Speech Recognition and AI

Part1: Speech Recognition from Audrey to Alexa

Speech recognition is a technology that can recognize spoken words, which can then be converted to text. Voice recognition is a part of speech recognition which is voice based.

History of Speech Recognition

In 1952, Bell Laboratories designed the “Audrey” system which could recognize a single voice speaking digits aloud.

In 1962, IBM introduced the first speech recognition machine, Shoebox. It could understand 16 words: zero, one, two, three, four, five, six, seven, eight, nine, minus, plus, subtotal, total, false, and off.

In the 1970s, the Speech Understanding Research (SUR) program run by US Department of Defense and DARPA supported research in this field. The Harpy Speech Recognition System designed at the Computer Science department in Carnegie Mellon could understand about 1,000 words.

The Bell Lab also introduced a system that could understand multiple voices.

In 1980, IBM developed a talking typewriter for sight-impaired individuals, and the next year introduced a talking display terminal.

As graphic user interfaces grew in popularity during the 1980s, IBM developed one of the first screen readers to work with the new technology.

Also, in the 1980s a statistical method called Hidden Markov Model (HMM) was discovered that estimated the probability of unknown sounds being words instead of just using words and looking for sound patterns.

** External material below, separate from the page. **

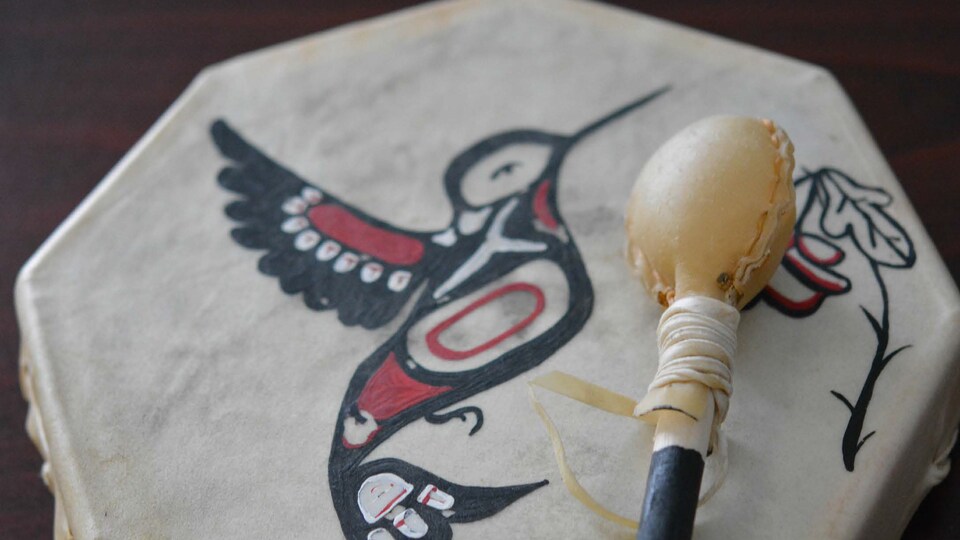 Un tambour autochtone sur lequel un oiseau et une fleur sont dessinés.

In 1990s, the personal computer made it possible for big strides in the world of speech recognition.

In 1999, IBM introduced the IBM Home Page Reader, a talking web browser that helped users who were sight-impaired hear the full range of web-page content in a logical, understandable manner.

Dragon Dictate software and a dial-in voice recognition system call VAL (voice portal) by Bell South continued further advancement in this field.

In the 2000s, Google introduced the Google voice search app which included 230 billion words from user searches. Not only did this app make speech recognition available to millions of people, Google was also using it to collect data on user searches to help predict what the user was saying to further improve the accuracy of its app.

In the 2010s, Apple launched Siri. Amazon’s Alexa and Google Home were few more voice recognition apps available to consumers. With all these advancements, speech recognition accuracy has been also rapidly improving with tech companies trying to reduce their word error rate.

What are some applications of voice/speech technology?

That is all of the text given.